San Diego bicyclists have more to worry about than sharing the road with
dangerous drivers. A safety defect has prompted the recall of more than
one million bicycles. An issue with the disc brakes can greatly increase
the risk of a serious crash.
The U.S. Consumer Product Safety Commission’s recall notice states
that an open quick release lever on the bike’s front wheel hub can
come into contact with the front disc brake rotor, causing the front wheel
to come to a sudden stop or separate from the bike. This can cause the
rider to crash and has resulted in at least one injury.

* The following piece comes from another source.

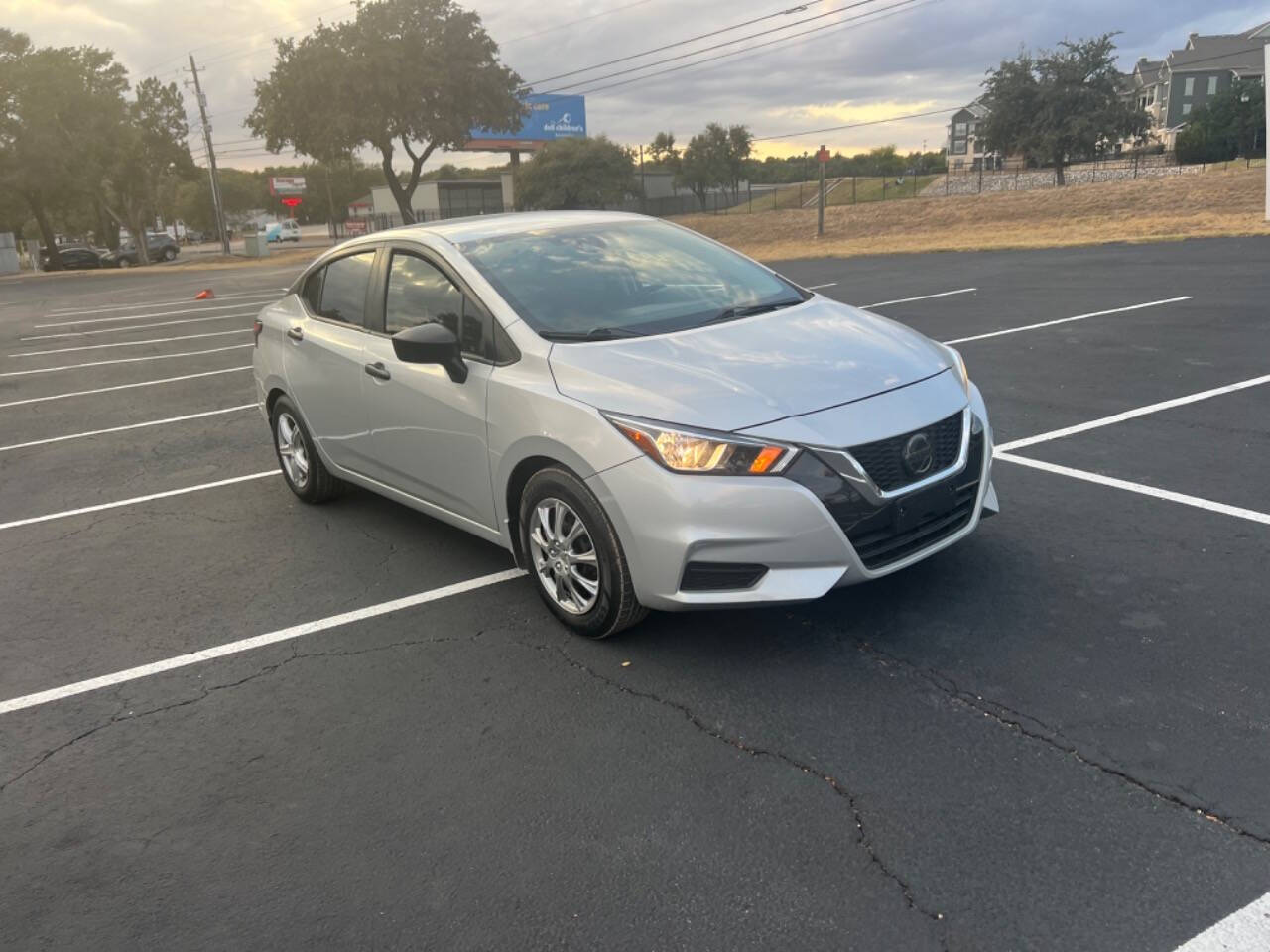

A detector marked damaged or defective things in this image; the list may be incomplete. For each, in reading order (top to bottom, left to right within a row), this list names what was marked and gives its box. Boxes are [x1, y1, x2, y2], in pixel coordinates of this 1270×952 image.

cracked asphalt [0, 239, 1264, 952]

The massive recall involves 1.3 million bikes sold by 13 different manufacturers,
including Diamondback, Cannondale, and Jamis. The defective bikes were
sold at bicycle stores nationwide from about 1998 through 2015 for between
$200 and $10,000.
The recall impacts bicycles equipped with front disc brakes and a black
or silver quick-release (QR) lever on the front wheel hub. Bicycles that
do not have disc brakes are not included in this recall. When the front
QR is fully opened, if there is less than 6 mm — or the width of
a #2 pencil — between the QR and disk brake rotor on the wheel,
the bicycle is defective.
The CPSC website provides a detailed chart showing the manufacturers and
models impacted by the bicycle recall. A video showing how to determine
if a bike is included in this recall is also available at
Due to the risk of a serious bicycle accident, the CPSC advises that consumers
should stop using the bicycles immediately and contact the recalling company
for free installation of a new quick release on the front wheel.